--- Assignment ---
In the entries that follow, find the line containing "Image Blender Instafusion" and the line containing "Meraki Lofts إل", then retype exactly the lines from the first through the second, pictures excluded.

--- Materials provided ---
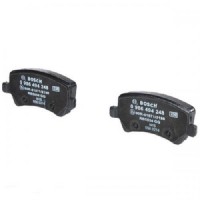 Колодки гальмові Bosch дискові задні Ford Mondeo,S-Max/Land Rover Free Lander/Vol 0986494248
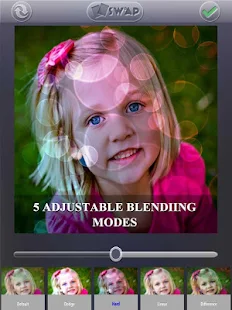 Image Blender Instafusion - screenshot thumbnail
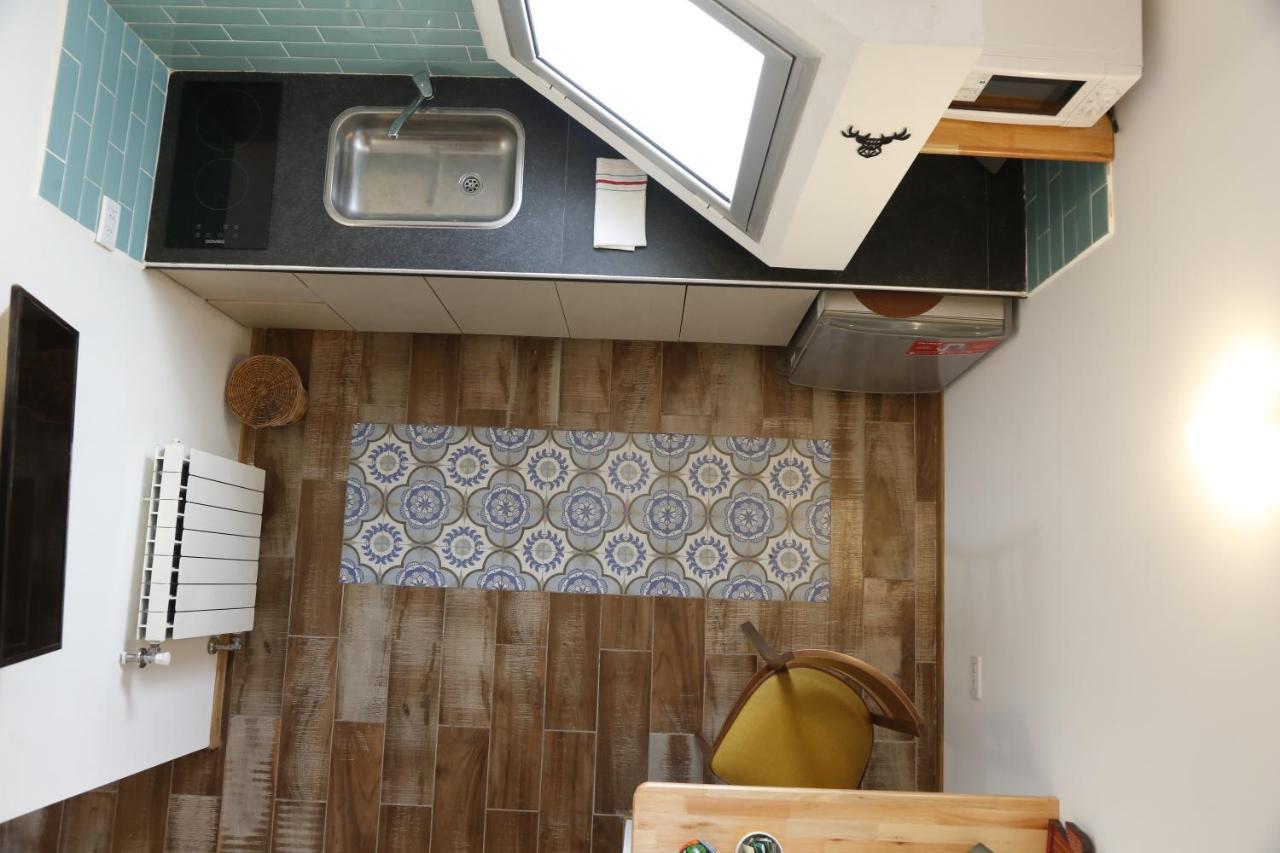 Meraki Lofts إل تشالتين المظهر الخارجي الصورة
...
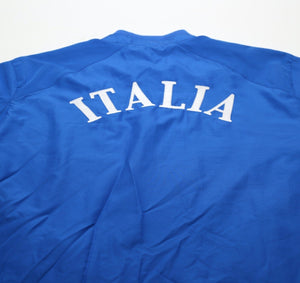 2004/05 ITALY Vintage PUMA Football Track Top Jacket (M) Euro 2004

--- Problem solution ---
 Image Blender Instafusion - screenshot thumbnail
 Meraki Lofts إل تشالتين المظهر الخارجي الصورة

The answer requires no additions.